A nicely fleshed-out portrait of Elizabeth I (1533–1603), with new revelations of the queen in love and the man who sought desperately to marry her.
Two years into her reign, Elizabeth was besotted with the dark, athletic Lord Robert Dudley, whose father had been beheaded by Queen Mary for his treasonous backing of the short-lived Lady Jane Grey. Elizabeth and Dudley had known each other since childhood, sharing the same tutors, and he was given the plum job of Master of the Queen’s Stable, allowing him daily access to her and an assured rise of his fortune and titles. Elizabeth was expected to marry, wooed by all the princes of Europe, while Dudley, of a lower status, was married to Amy Robsart—probably out of love, though their marriage remained childless. In September 1560, just as rumors about the queen and Dudley were rampant, Amy was found dead at the base of a short stairwell at Cumnor Place. Her neck was broken, though the coroner’s report noted several “dyntes” in her skull, which could have resulted from the fall. The death caused a scandal, and suspicion fell on Dudley, although he was absolved of wrongdoing. British author Skidmore (History/Bristol Univ.; Edward VI: The Lost King of England, 2007) moves engagingly back and forth in the story, dwelling on how fresh scrutiny of the evidence may point to the answer of this terrible death.
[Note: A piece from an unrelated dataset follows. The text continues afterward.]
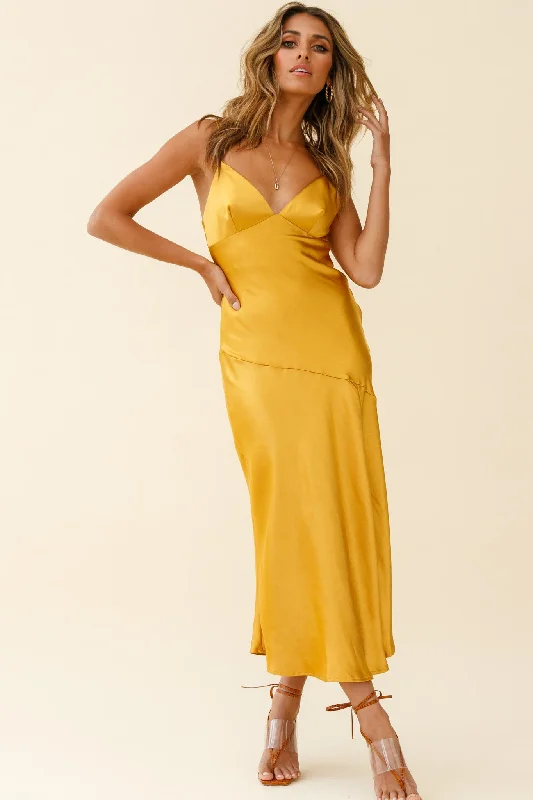 Downtown Cami Strap Front Split Midi Dress Mustard Enjoy Discount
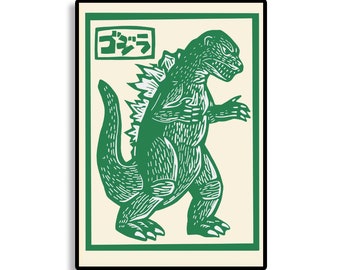 Godzilla, Japan, Tokyo, Monster, Dinosaur, Destruction, Killer, Fear, Horror, Legend, poster, Artist, Vintage, poster, Office decor,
Some of the evidence is well-known: Amy had been acting strangely that morning, praying on her knees, and insisted that the entire household attend a nearby fair, as if she had “an evil toy in her mind.” Moreover, there were indications in her correspondence that she might have been suffering from breast cancer. On the other hand, there had been rumors at court that Dudley was planning to poison her. Skidmore revisits a libelous tract that appeared in 1584, Leicester’s Commonwealth, as well as other accounts, in his thorough sifting of the historical record.
A fresh elucidation of this precarious period of Elizabeth’s reign.